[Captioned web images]

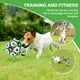 thumbnail image 2 of Juguetes para perros pelota de fútbol con correas, juguetes interactivos para perros para tira y afloja, regalos de cumpleaños para cachorros, juguete para tirar de perros, juguete de agua p, 2 of 5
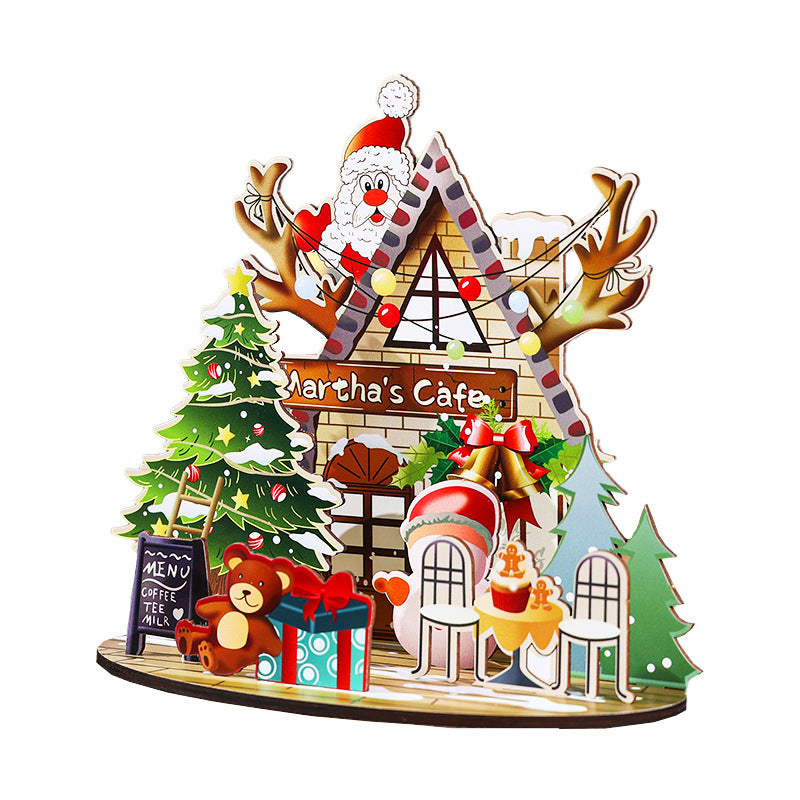 Christmas Wooden 3D Puzzle Ornament
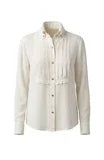 LP -Long Sleeve Tuxedo Woven Top -Cream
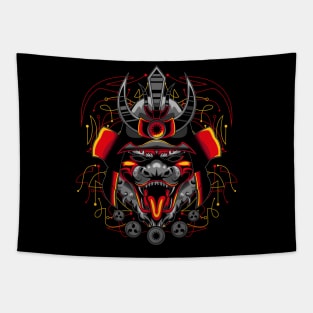 samurai head mask Tapestry
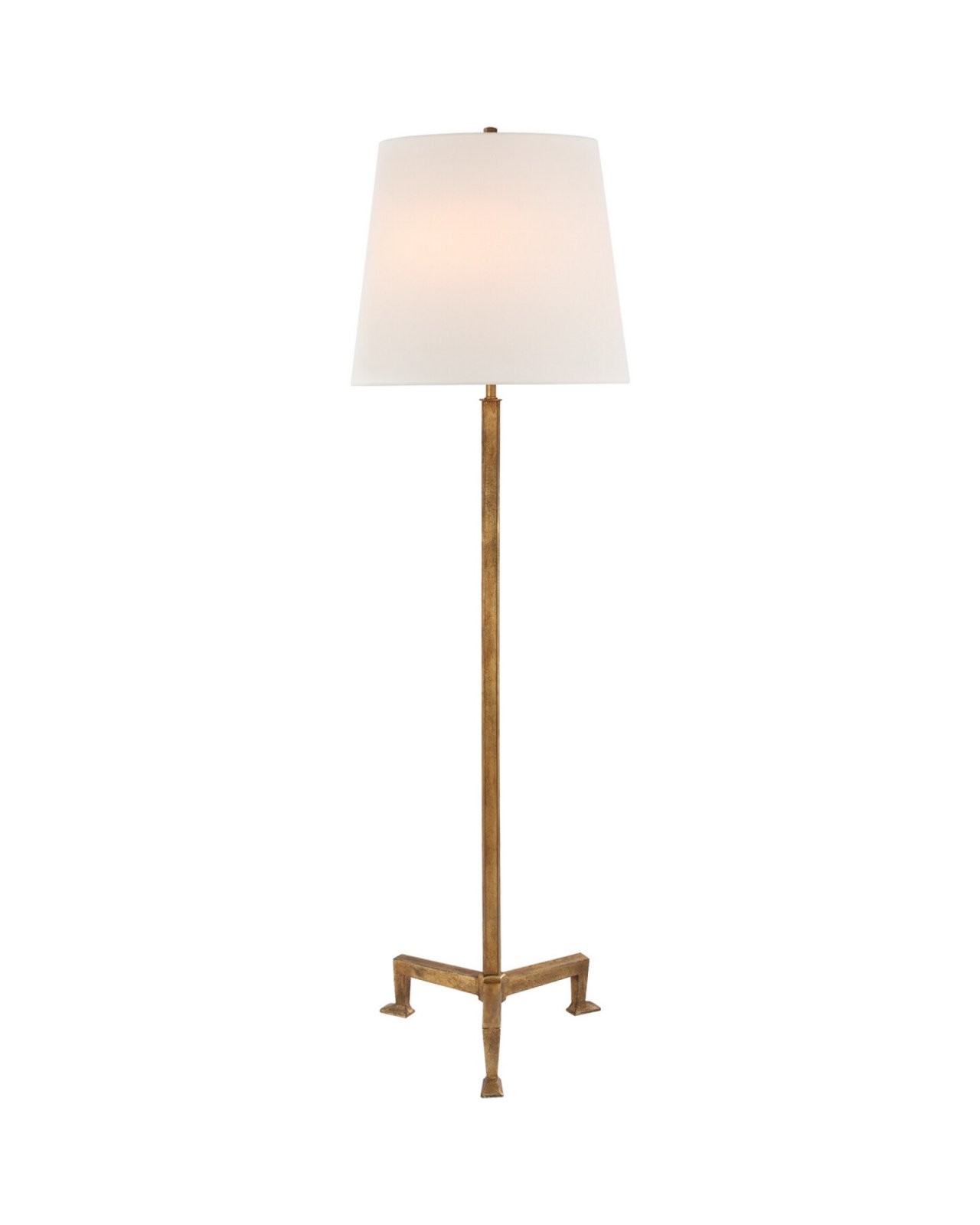 Parish Floor Lamp Gilded Iron/Linen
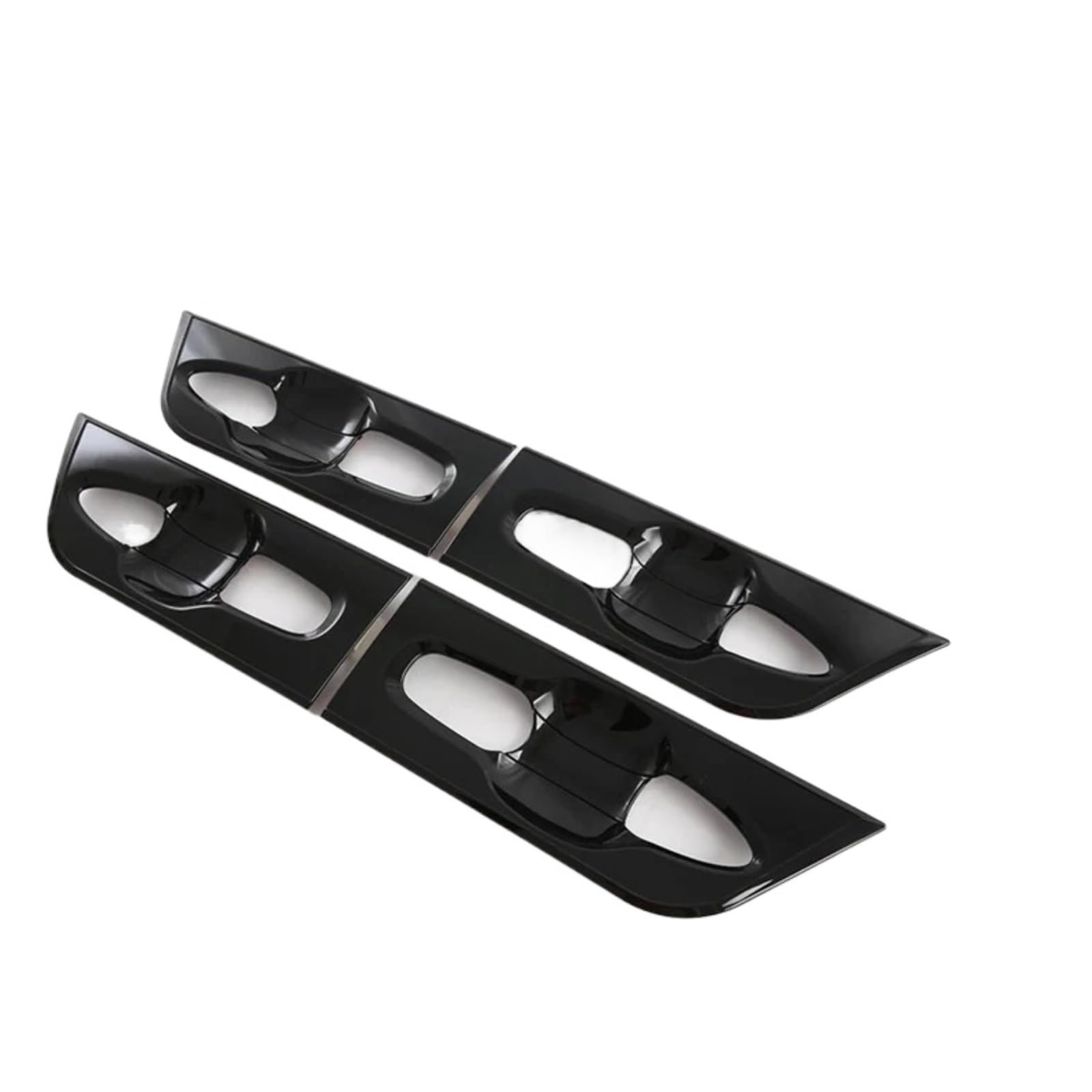 CNMNDE Türgriff-Schüssel-Abdeckung, Becher-Hohlraumverkleidung, passend for Toyota, Alphard 40 Serie Vellfire 2023–2024, Einsatz-Fangform Griffschalen-Dekorationsaufkleber(Piano Black) von CNMNDE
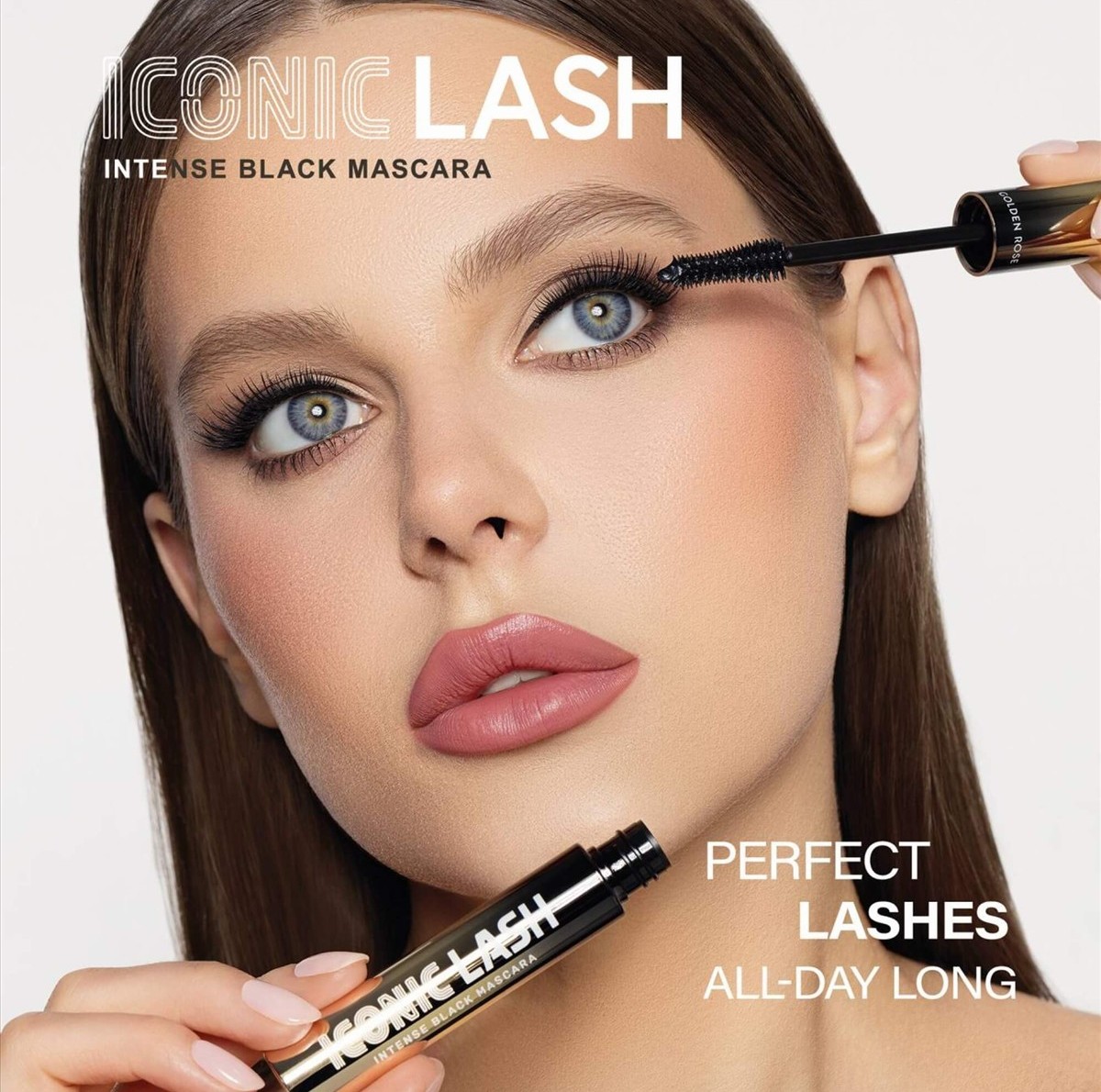 Mascara Iconic Intense Black Golden Rose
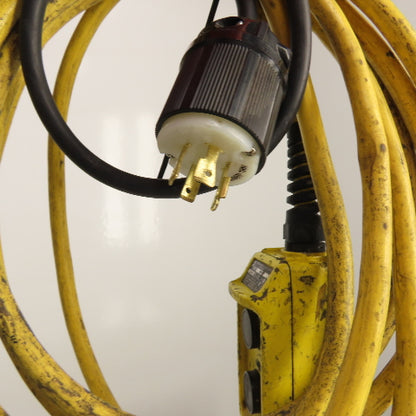 CM Lodestar Model L 1 Ton 2000LB Electric Chain Hoist 20' Lift 16FPM 230/460V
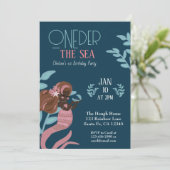 美しい人魚の1歳誕生日 招待状 (スタンド正面)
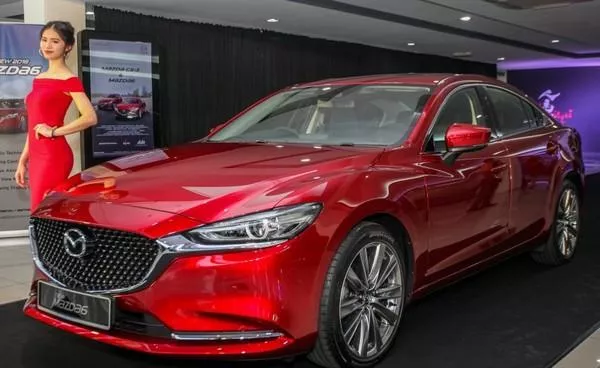 Mazda 6 2018 facelift angular front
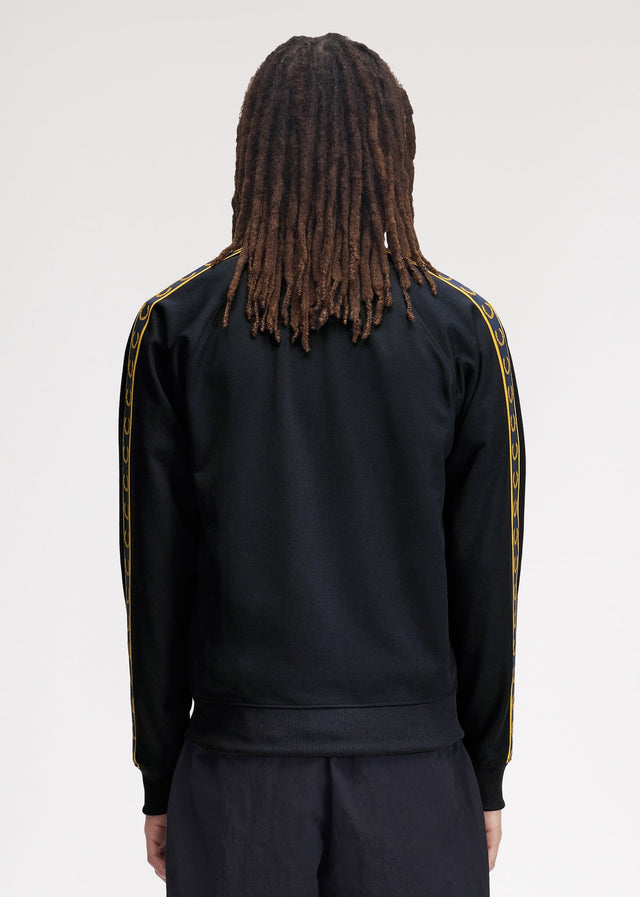 Fred Perry Sweatjacken Contrast tape track jacket - navy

Task item: Your answer should be the lines above, word for word, from the line with "LP -Long Sleeve Tuxedo Woven Top -Cream" through the line with "Black) von CNMNDE", minus the pictures.

Answer space:
 LP -Long Sleeve Tuxedo Woven Top -Cream
 samurai head mask Tapestry
 Parish Floor Lamp Gilded Iron/Linen
 CNMNDE Türgriff-Schüssel-Abdeckung, Becher-Hohlraumverkleidung, passend for Toyota, Alphard 40 Serie Vellfire 2023–2024, Einsatz-Fangform Griffschalen-Dekorationsaufkleber(Piano Black) von CNMNDE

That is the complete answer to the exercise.